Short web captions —
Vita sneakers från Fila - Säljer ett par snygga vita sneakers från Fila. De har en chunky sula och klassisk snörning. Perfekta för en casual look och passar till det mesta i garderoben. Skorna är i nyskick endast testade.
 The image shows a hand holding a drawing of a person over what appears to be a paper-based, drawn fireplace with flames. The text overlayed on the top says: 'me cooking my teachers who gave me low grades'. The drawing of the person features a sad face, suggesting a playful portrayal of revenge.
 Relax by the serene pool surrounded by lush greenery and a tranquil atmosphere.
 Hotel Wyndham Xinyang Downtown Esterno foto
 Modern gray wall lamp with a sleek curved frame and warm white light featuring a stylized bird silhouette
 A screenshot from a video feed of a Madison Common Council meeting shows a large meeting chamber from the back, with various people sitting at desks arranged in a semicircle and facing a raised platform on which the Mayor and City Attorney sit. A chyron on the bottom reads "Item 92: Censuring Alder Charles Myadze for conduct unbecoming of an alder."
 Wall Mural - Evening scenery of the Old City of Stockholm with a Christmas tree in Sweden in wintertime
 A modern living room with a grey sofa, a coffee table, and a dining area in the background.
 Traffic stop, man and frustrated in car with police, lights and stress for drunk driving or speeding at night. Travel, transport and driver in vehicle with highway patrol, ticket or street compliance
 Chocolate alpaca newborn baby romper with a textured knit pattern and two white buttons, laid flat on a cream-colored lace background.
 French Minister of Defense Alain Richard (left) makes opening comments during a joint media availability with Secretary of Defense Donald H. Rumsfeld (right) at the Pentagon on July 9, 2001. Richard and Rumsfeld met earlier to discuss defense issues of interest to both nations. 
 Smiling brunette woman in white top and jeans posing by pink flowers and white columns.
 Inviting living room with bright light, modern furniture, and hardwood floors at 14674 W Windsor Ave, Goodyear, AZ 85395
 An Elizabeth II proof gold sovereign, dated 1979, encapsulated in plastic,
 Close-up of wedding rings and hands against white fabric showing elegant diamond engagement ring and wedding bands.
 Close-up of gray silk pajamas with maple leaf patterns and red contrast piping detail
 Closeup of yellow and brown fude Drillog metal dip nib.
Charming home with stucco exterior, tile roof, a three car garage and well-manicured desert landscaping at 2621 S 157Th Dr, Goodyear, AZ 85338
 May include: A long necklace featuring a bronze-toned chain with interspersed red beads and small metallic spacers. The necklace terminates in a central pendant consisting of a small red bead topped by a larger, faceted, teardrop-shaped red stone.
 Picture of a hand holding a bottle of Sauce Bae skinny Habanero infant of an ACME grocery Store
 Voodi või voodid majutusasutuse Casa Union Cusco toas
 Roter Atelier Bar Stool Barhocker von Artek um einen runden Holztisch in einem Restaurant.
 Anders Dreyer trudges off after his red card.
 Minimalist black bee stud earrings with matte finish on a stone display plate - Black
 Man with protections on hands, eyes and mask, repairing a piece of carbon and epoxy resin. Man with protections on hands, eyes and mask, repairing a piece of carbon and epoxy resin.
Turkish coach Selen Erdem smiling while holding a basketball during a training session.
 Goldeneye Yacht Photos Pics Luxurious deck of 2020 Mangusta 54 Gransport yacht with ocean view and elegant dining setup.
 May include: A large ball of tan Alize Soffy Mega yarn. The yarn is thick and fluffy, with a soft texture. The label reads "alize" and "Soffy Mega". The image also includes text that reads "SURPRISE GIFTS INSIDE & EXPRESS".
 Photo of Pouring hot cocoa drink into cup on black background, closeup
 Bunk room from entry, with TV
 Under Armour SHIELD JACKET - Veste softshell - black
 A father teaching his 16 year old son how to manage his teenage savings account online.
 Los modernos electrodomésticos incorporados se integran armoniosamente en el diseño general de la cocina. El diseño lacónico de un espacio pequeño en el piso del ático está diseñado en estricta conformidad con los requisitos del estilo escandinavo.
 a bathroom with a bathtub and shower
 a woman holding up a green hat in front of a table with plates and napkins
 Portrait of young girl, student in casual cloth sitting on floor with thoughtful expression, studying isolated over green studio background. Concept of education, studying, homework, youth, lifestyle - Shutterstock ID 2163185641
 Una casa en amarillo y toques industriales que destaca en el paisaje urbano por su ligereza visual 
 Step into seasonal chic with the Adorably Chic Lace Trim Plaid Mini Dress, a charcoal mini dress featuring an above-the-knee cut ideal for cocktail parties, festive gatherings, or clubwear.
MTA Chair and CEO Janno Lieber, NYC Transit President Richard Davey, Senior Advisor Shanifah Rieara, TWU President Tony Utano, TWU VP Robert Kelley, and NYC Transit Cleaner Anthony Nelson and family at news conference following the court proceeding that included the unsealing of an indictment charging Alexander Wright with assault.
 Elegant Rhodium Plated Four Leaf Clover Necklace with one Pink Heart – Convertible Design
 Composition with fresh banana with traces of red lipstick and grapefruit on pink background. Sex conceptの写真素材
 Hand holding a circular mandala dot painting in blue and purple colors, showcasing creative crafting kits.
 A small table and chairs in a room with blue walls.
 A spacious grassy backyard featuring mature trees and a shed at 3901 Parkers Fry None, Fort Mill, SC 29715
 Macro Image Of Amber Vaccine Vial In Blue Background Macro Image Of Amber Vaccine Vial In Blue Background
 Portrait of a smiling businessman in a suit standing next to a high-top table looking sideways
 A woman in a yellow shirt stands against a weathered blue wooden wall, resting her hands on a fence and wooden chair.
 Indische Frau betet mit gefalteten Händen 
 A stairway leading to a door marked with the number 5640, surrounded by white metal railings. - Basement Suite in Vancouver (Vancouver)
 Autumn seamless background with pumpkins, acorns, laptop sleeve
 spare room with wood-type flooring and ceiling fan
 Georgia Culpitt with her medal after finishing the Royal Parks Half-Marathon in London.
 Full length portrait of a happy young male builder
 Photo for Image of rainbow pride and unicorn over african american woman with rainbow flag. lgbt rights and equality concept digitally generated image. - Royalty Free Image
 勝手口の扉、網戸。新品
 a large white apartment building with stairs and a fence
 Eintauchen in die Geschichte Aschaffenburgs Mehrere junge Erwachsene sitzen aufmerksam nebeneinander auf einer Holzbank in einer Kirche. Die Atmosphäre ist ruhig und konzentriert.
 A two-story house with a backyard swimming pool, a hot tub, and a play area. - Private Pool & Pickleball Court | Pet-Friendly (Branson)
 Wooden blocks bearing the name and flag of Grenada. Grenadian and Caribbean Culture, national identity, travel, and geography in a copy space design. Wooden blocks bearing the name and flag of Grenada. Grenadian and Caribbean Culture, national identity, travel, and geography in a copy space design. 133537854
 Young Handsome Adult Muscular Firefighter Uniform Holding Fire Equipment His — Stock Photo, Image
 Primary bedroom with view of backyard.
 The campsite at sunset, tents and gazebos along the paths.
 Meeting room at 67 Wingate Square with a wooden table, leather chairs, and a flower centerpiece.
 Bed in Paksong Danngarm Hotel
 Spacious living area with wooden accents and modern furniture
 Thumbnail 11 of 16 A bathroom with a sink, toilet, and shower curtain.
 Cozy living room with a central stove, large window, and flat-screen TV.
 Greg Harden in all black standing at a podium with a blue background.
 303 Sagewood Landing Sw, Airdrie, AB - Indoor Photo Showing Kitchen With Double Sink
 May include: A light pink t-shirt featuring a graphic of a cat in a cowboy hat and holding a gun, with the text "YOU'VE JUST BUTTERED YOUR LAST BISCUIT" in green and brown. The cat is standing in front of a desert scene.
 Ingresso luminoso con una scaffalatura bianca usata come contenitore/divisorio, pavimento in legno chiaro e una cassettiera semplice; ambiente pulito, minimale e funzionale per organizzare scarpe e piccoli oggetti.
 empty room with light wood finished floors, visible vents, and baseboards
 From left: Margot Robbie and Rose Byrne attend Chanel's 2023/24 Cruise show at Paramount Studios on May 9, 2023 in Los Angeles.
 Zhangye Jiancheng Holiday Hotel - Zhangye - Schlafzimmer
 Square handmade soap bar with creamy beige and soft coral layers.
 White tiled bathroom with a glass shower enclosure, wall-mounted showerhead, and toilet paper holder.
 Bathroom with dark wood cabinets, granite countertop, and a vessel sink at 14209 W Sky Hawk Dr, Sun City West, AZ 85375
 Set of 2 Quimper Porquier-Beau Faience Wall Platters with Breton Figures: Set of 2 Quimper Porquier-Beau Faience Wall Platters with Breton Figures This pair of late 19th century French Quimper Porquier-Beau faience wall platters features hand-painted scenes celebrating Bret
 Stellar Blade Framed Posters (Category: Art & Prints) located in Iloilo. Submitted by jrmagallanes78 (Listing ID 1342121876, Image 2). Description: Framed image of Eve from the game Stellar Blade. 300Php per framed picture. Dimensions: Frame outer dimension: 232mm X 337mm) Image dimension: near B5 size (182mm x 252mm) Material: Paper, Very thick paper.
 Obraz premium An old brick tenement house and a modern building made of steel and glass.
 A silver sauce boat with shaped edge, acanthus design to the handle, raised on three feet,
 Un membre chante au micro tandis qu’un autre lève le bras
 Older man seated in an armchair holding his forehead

Work instructions —
Go through the records and copy each line with "house" in it.

Output of the task —
 A two-story house with a backyard swimming pool, a hot tub, and a play area. - Private Pool & Pickleball Court | Pet-Friendly (Branson)
 Obraz premium An old brick tenement house and a modern building made of steel and glass.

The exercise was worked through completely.